[Stored dataset items]
********************
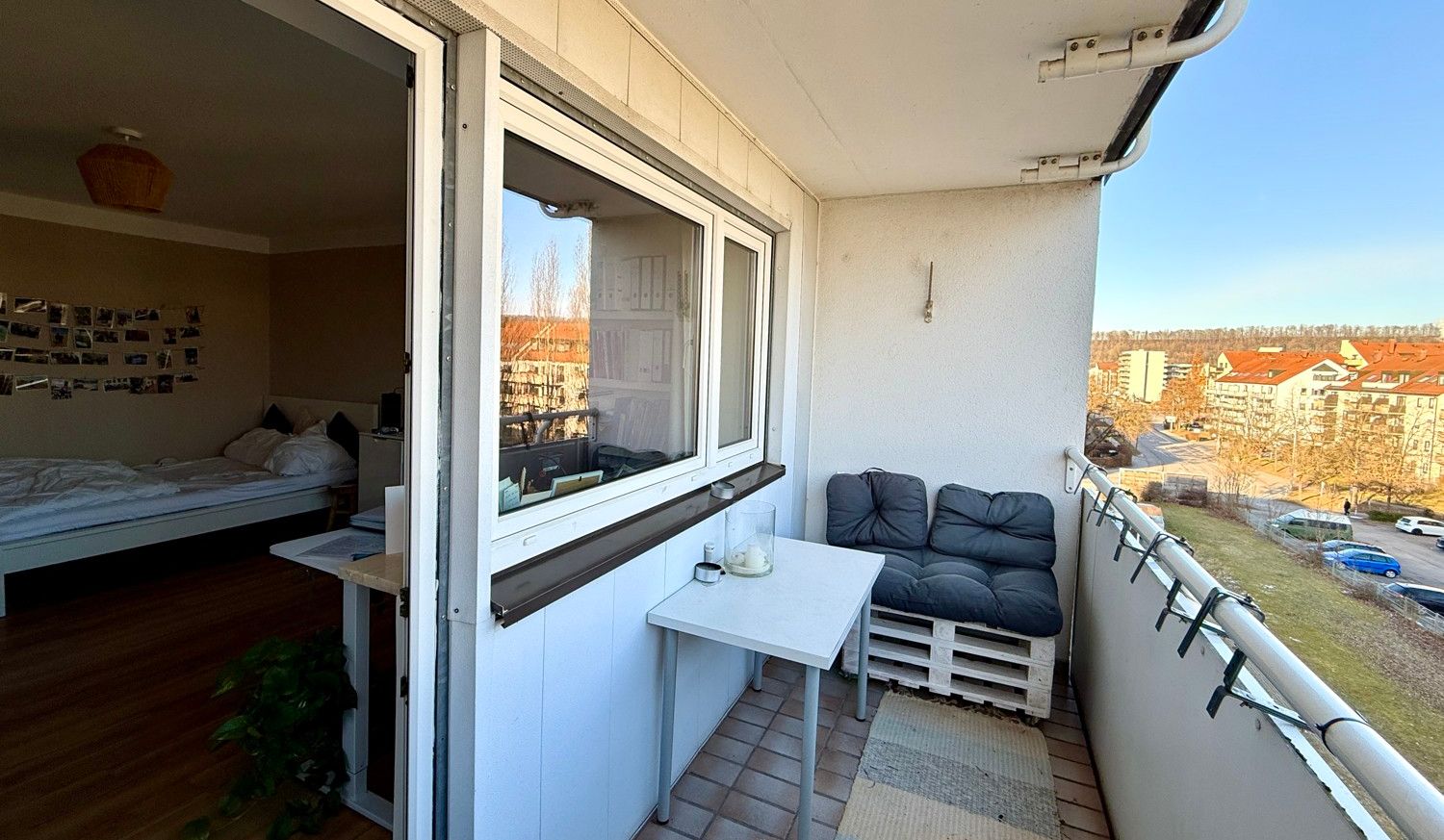 großer Balkon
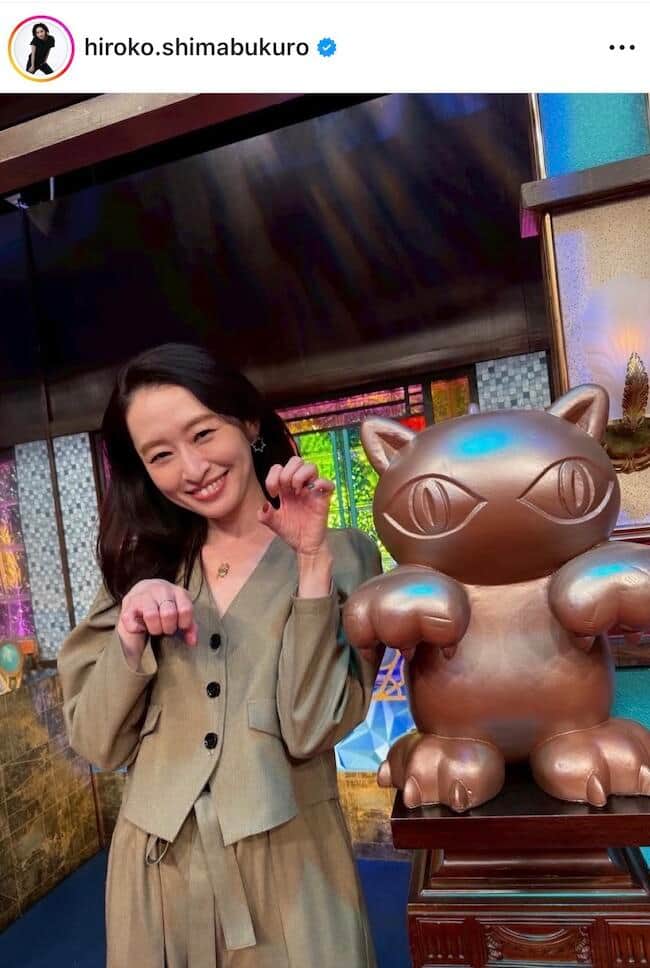 島袋寛子さんのインスタグラム（＠hiroko.shimabukuro）より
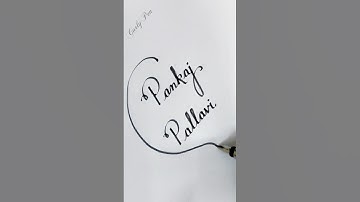 couple calligraphy❤❤❤ for #pankaj and #pallavi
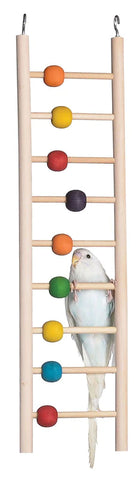 Feathered Friends Bird Ladder W/ Beads - 38x9cm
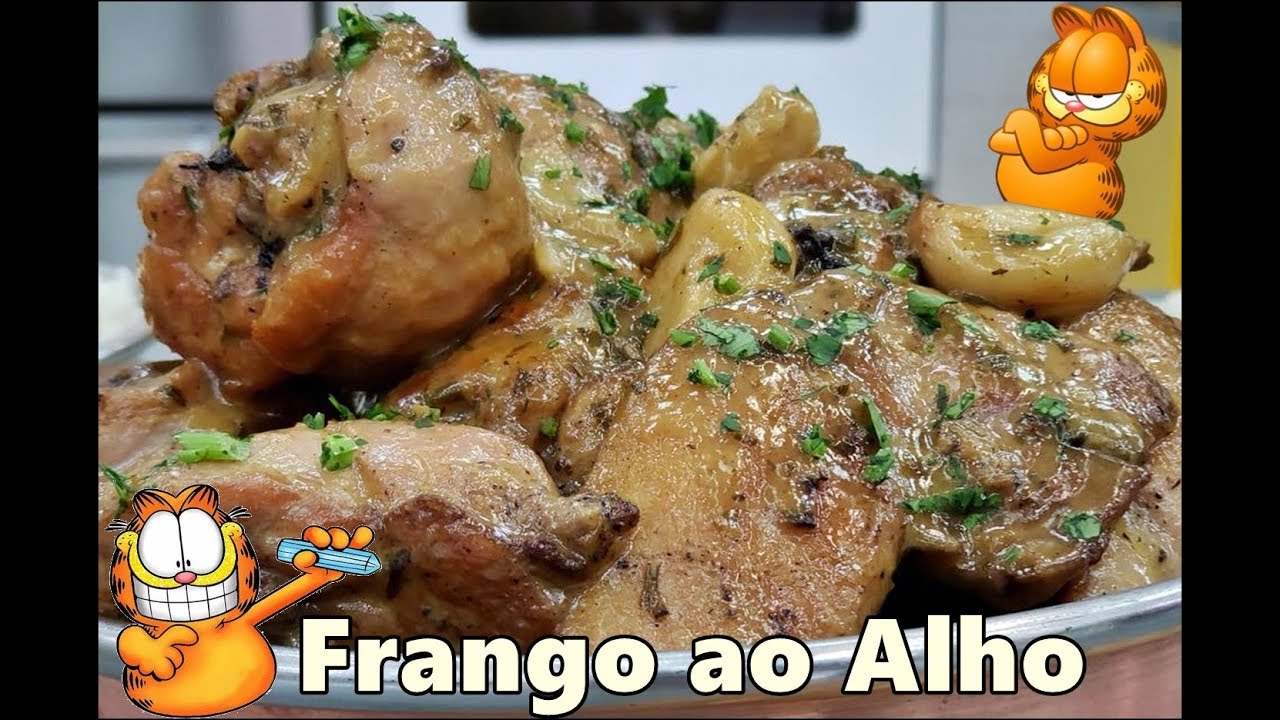 Frango ao Alho Super Saboroso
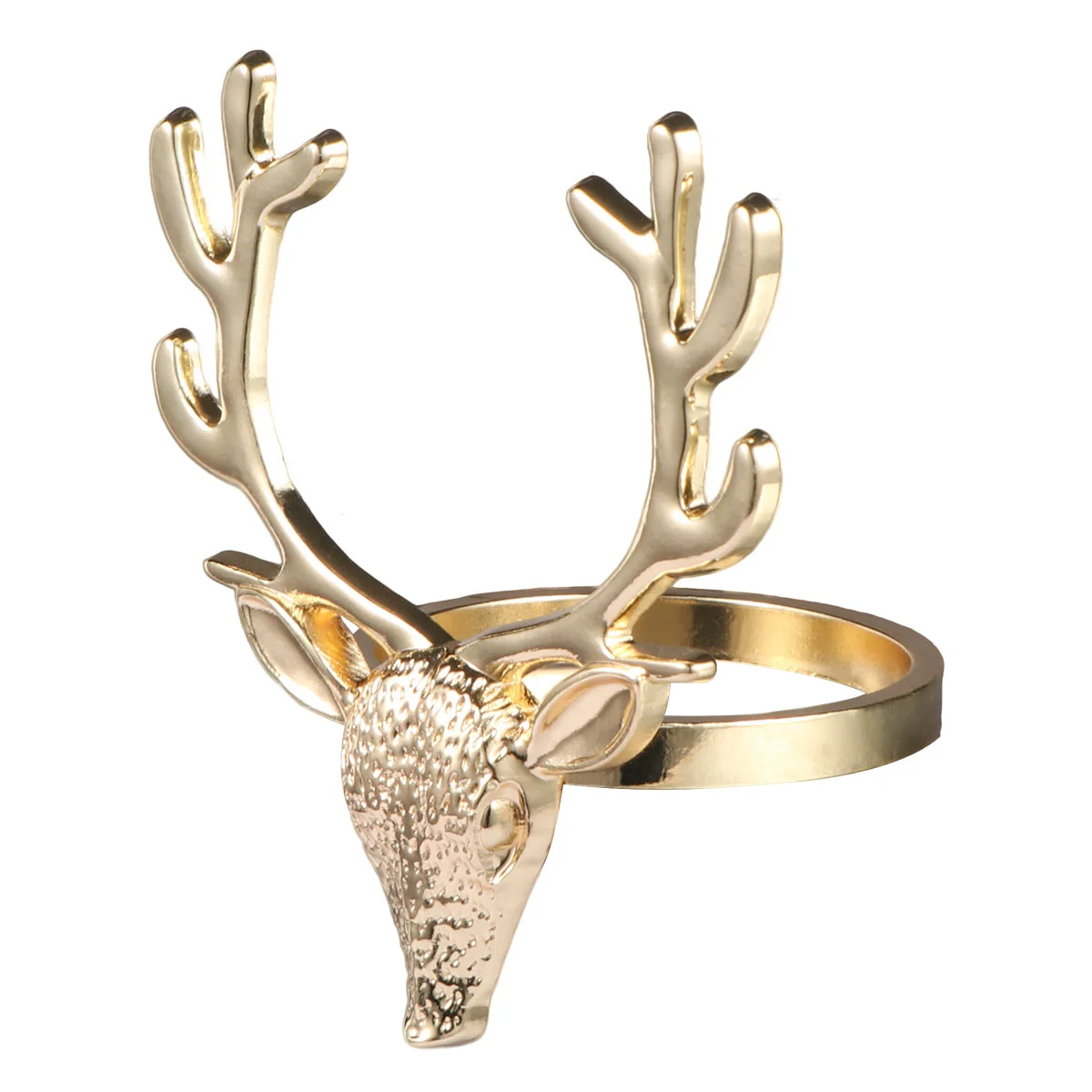 Napkin Ring Antler Christmas Deer Head Buckle Ornament Holder Table Supplies Sika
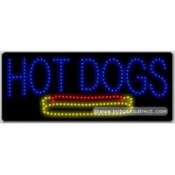 Hot Dogs, Logo LED Sign (11" x 27" x 1")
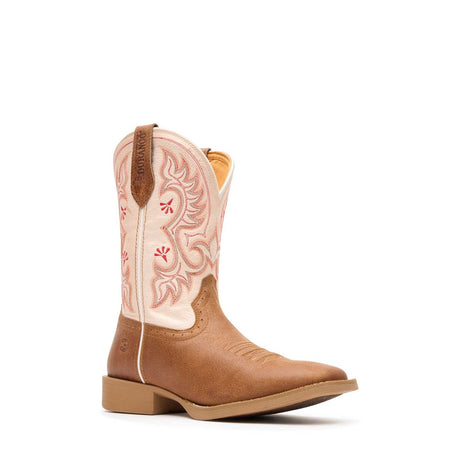 Women's Shyloh Western Boots Honey Tan Metallic Peach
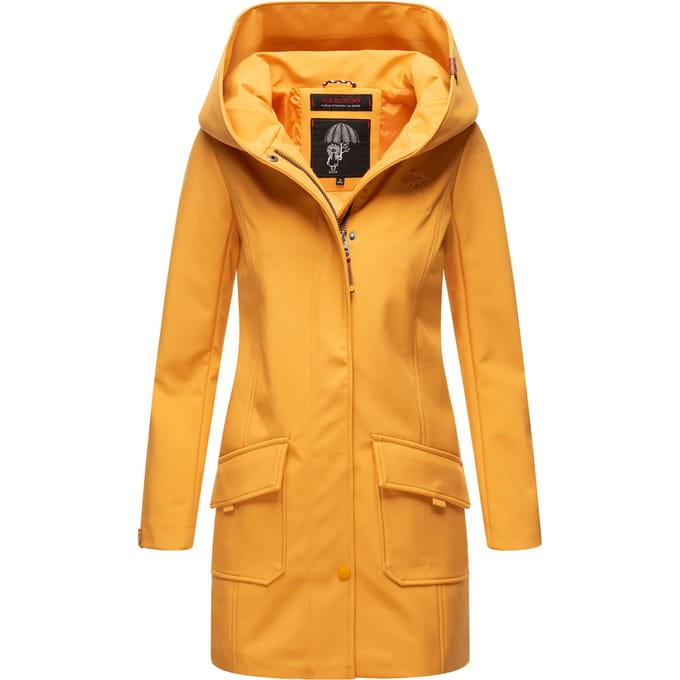Marikoo dames softshelljas – Mayleen, waterafstotend met capuchon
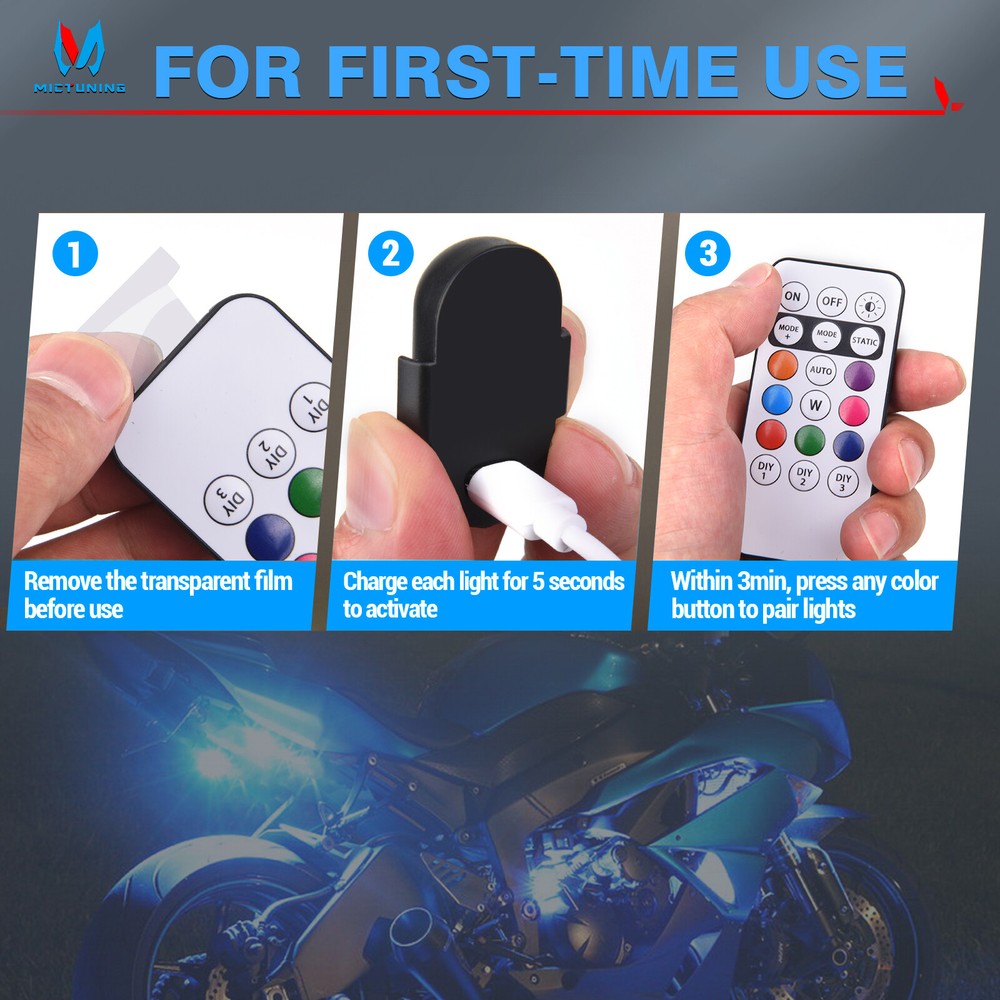 12Pod Wireless RGB LED Strobe Light Flash Lights Set Rechargeable Remote Control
********************
• **What needs to be done**
Write out exactly the stretch of lines that begins with the line containing "Frango ao Alho Super Saboroso" and ends with the last line of the records above, leaving out the pictures.

• **Reply**
 Frango ao Alho Super Saboroso
 Napkin Ring Antler Christmas Deer Head Buckle Ornament Holder Table Supplies Sika
 Hot Dogs, Logo LED Sign (11" x 27" x 1")
 Women's Shyloh Western Boots Honey Tan Metallic Peach
Marikoo dames softshelljas – Mayleen, waterafstotend met capuchon
 12Pod Wireless RGB LED Strobe Light Flash Lights Set Rechargeable Remote Control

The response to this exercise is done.